[[ Available data, beginning ]]

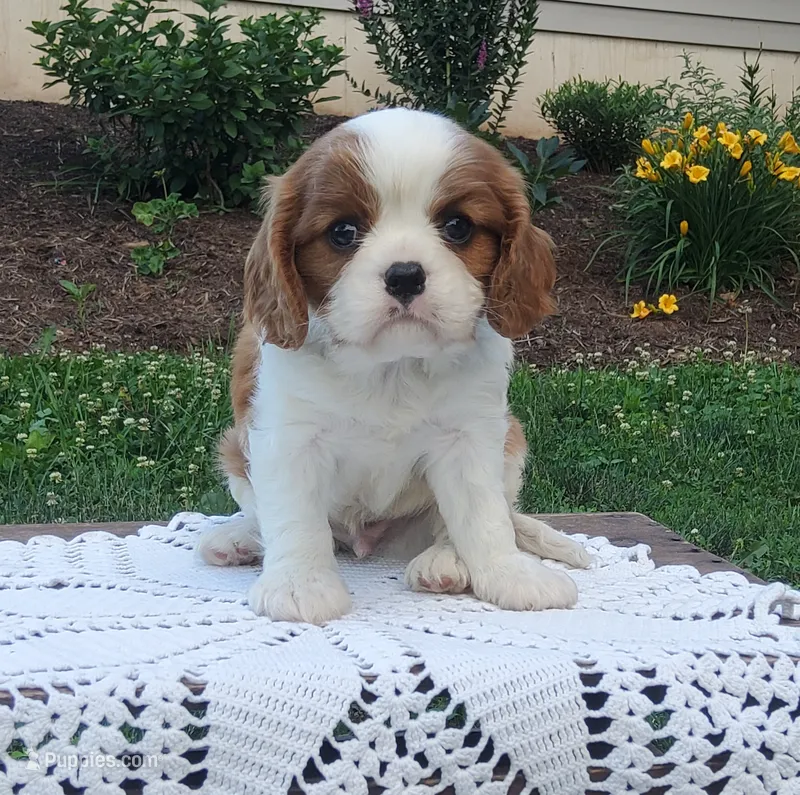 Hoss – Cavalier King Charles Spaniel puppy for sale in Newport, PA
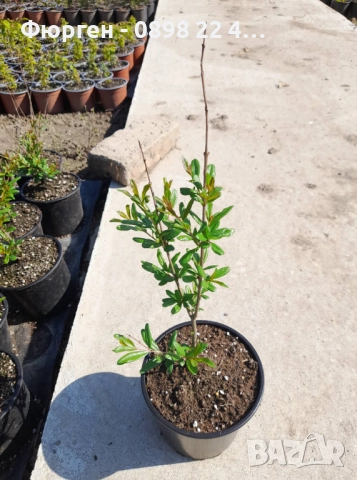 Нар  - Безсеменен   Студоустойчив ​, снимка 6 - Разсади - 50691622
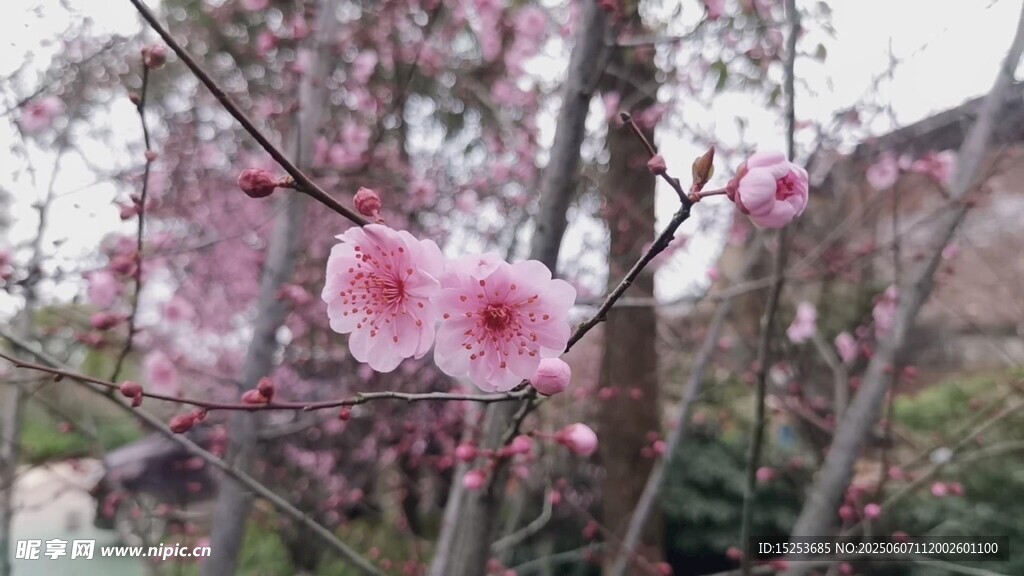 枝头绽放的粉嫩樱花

[[ Available data, end ]]
[[ Available data, beginning ]]

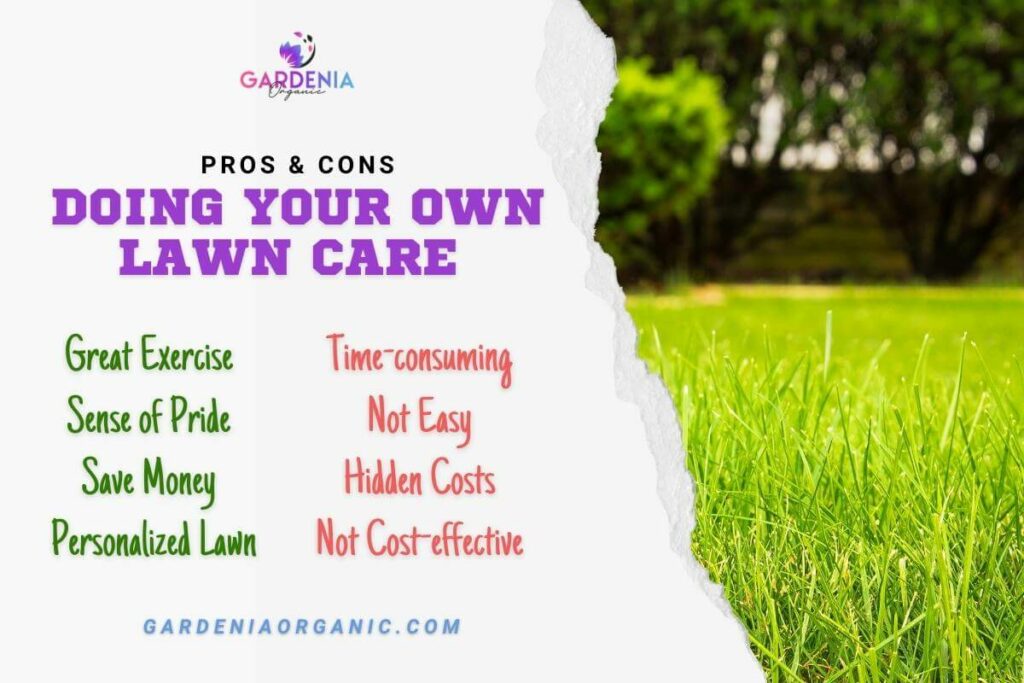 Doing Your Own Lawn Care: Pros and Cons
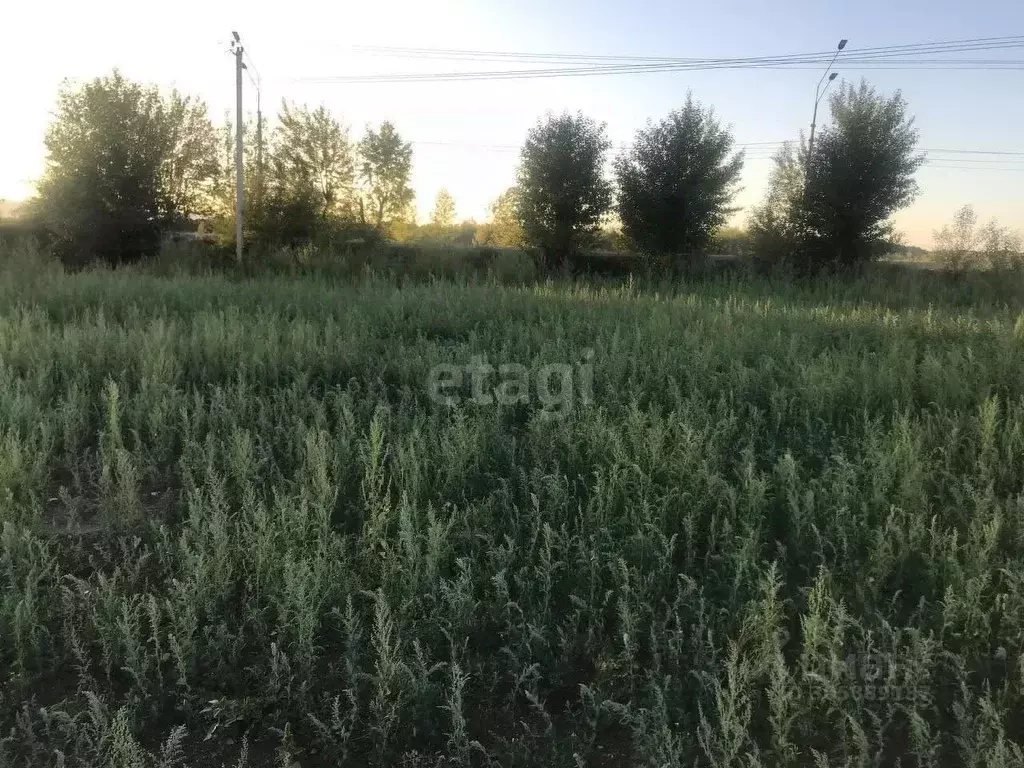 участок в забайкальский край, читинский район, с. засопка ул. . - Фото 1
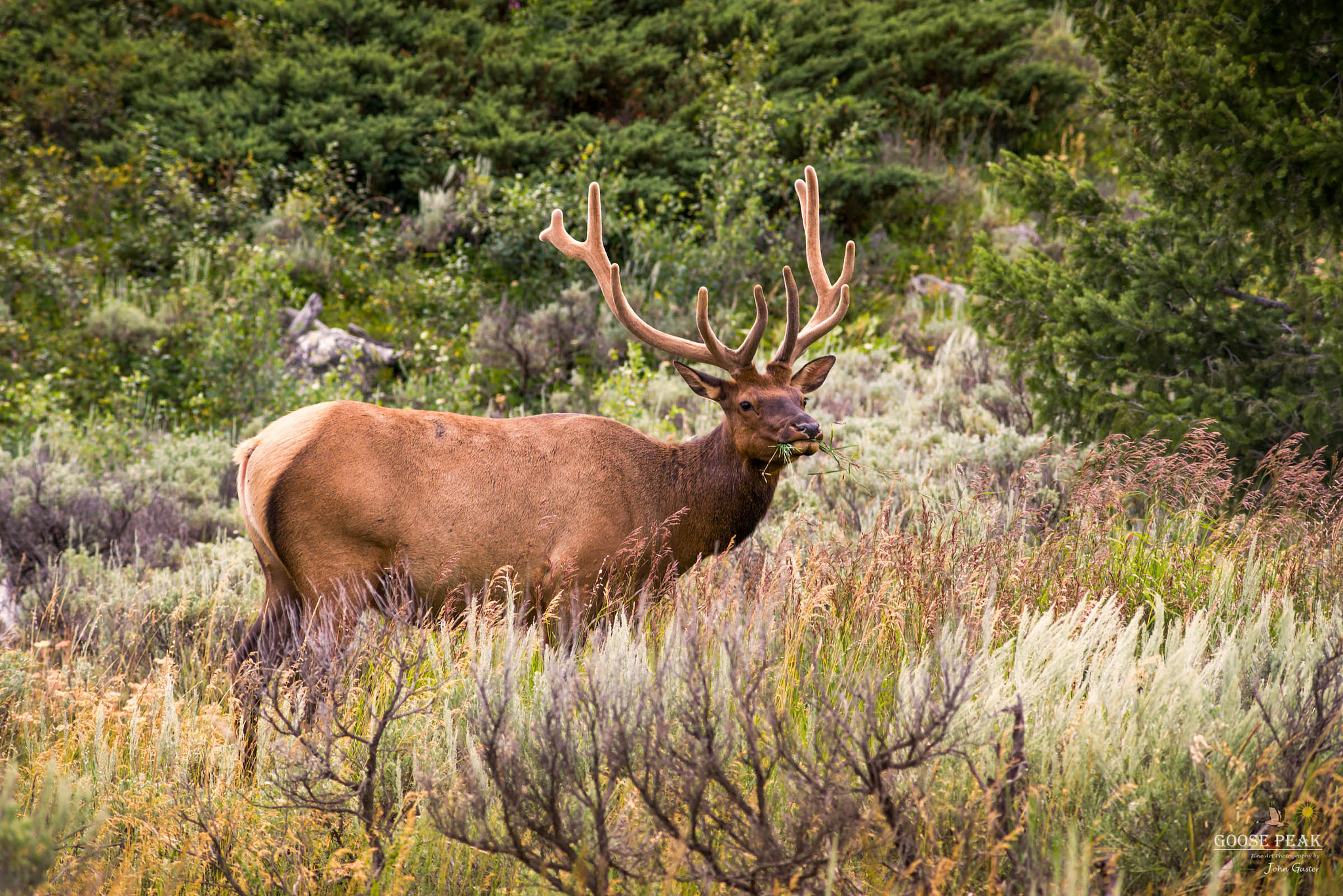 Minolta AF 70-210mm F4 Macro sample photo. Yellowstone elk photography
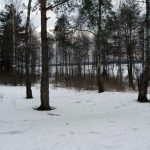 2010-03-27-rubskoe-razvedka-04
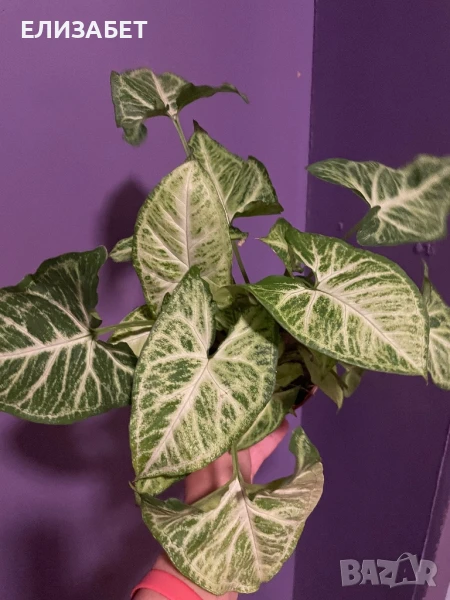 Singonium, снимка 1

[[ Available data, end ]]
[[ Available data, beginning ]]

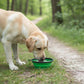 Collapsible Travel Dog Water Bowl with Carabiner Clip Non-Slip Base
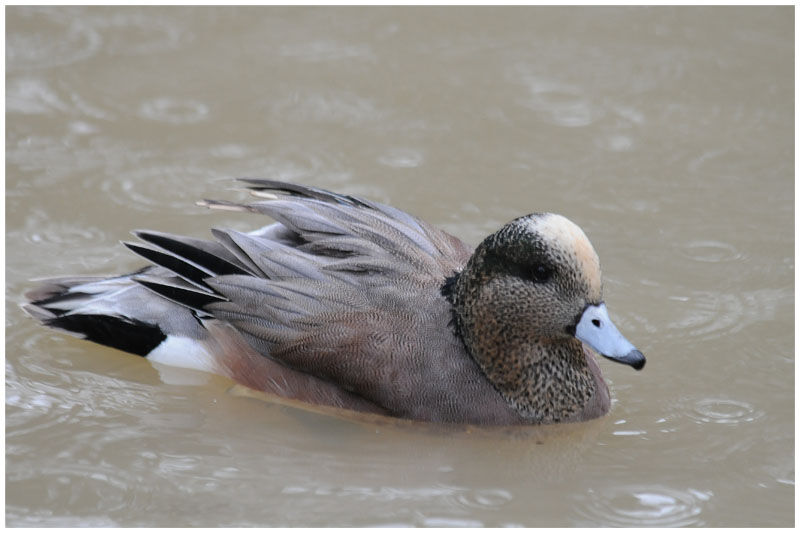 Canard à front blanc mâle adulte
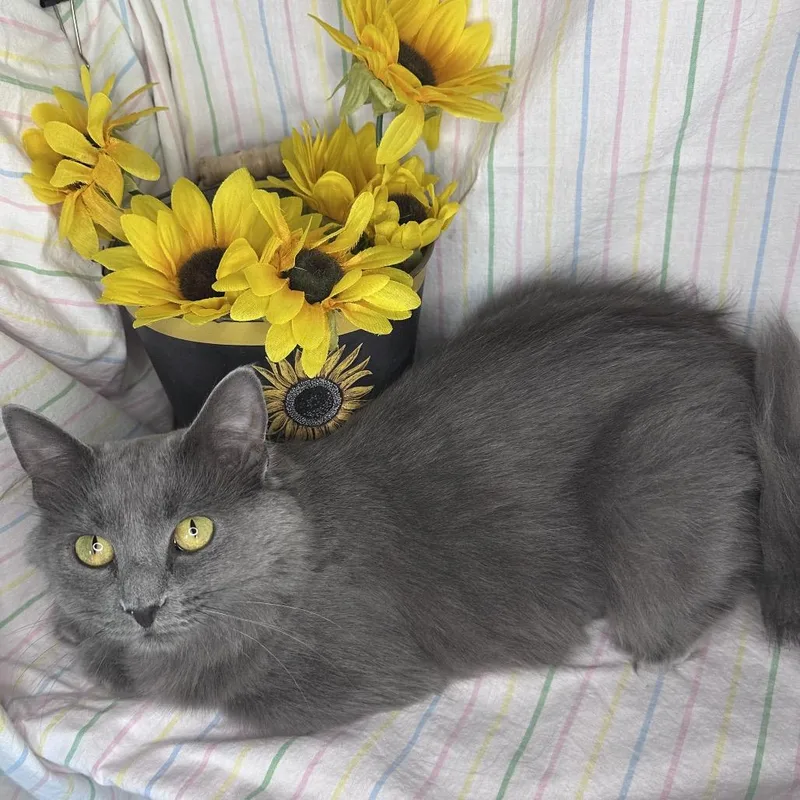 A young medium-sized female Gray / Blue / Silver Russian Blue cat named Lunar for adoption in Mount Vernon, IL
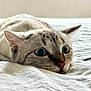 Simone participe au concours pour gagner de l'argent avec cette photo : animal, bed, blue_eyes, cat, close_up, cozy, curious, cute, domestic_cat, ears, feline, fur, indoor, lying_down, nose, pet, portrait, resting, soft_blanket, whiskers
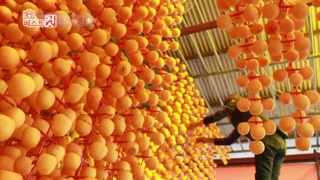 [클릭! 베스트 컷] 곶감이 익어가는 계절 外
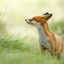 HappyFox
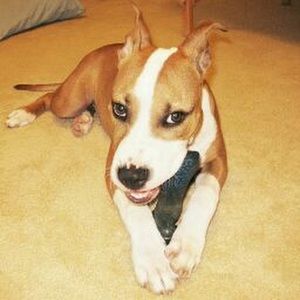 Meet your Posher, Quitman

[[ Available data, end ]]

Problem to solve.
Repeat, without pictures, exactly the lines of the data above from the one containing "участок в забайкальский" through the one containing "Singonium, снимка 1", including both and adding nothing.

Task result.
 участок в забайкальский край, читинский район, с. засопка ул. . - Фото 1
 Minolta AF 70-210mm F4 Macro sample photo. Yellowstone elk photography
 2010-03-27-rubskoe-razvedka-04
 Singonium, снимка 1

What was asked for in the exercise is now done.